* _Dataset section_
##############################
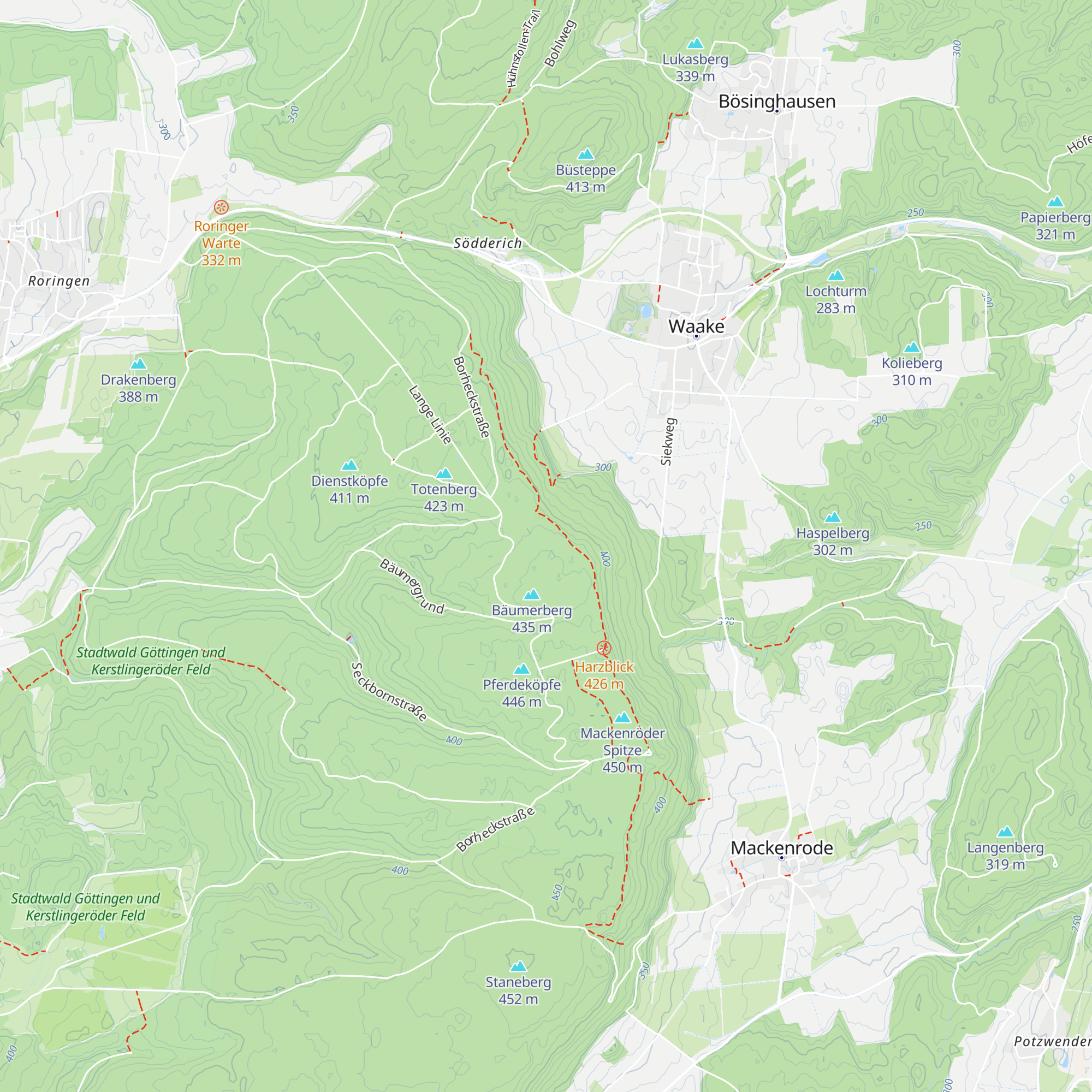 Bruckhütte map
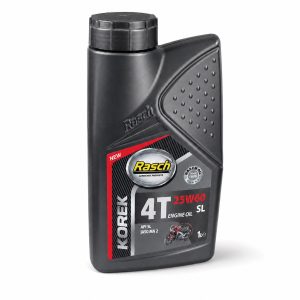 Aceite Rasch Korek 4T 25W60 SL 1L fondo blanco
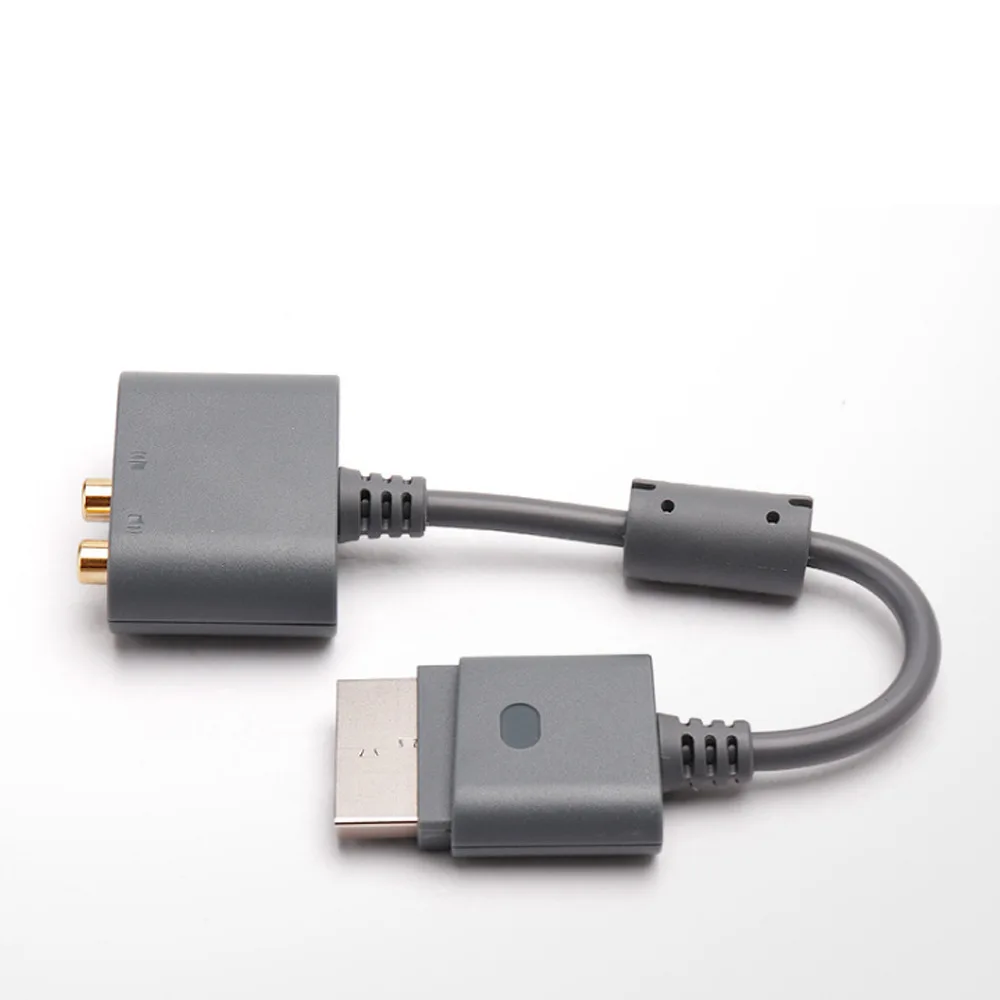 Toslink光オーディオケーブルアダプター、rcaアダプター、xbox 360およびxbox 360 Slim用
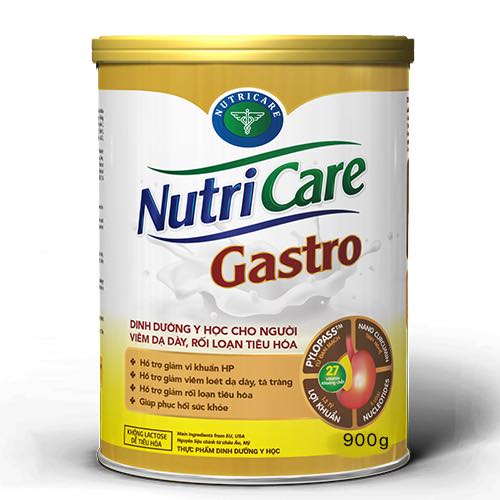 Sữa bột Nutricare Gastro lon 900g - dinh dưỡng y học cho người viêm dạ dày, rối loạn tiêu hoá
##############################
* _How to complete this task_
Apart from the images, every line above is to be given again exactly.

* _Answer for the task_
 Bruckhütte map
 Aceite Rasch Korek 4T 25W60 SL 1L fondo blanco
 Toslink光オーディオケーブルアダプター、rcaアダプター、xbox 360およびxbox 360 Slim用
 Sữa bột Nutricare Gastro lon 900g - dinh dưỡng y học cho người viêm dạ dày, rối loạn tiêu hoá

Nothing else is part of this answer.